Tuesday, April 10, 2007

Flag corona

Light diffraction doesn't only originate from aerosols like little water droplets or pollen floating freely in the atmosphere, but also from so-called diffraction gratings. These consist of a large number of equally spaced holes or slits, from which the light rays interfere and form an interference pattern. In this example, which I photographed in the beginning of April, the thick woven fabric of the European flag serves as a diffraction grating and shows a beautiful corona.

2 comments:

Anonymous said...

Similar patterns -very colorful ones- I see quite often, in the place where I work. There we have some RF-insulated rooms, and special windows that are blocking RF-radiation. When I have looked the structure, it is a very dense transparent wire mesh. You can easily see through that type of window, but everything looks a bit hazy.

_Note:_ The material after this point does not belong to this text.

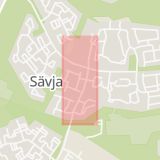 Karta som med röd fyrkant ramar in Sävja, Ölandsresan, Uppsala, Uppsala län
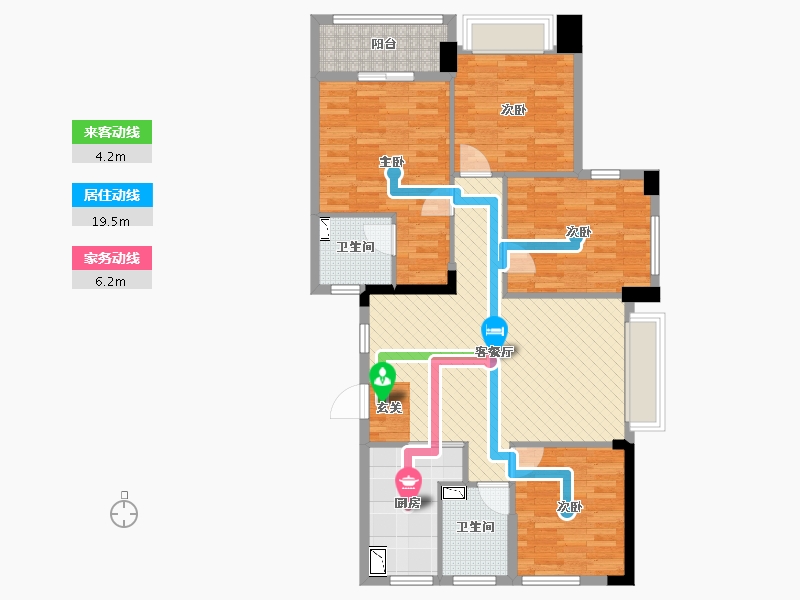 浙江省-杭州市-建德玉兰花园-103.59-户型库-动静线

Are we talking about same phenomenon here ?

Les Cowley said...

Corona like patterns could originate from a material that has small holes randomly arranged but well separated from each other. In that case we see the sum of the individual diffraction patterns from each hole - as from droplets in clouds. In fabrics and meshes a more likely mechanism is that the apertures are close together and regularly spaced. The material then acts as a two-dimensional diffraction grating. The far field diffraction pattern results from constructive and destructive interference between wavelets originating from the apertures. In the latter mechanism, the observed pattern will not have perfect radial symmetry because the grating spacing is likely different in different directions.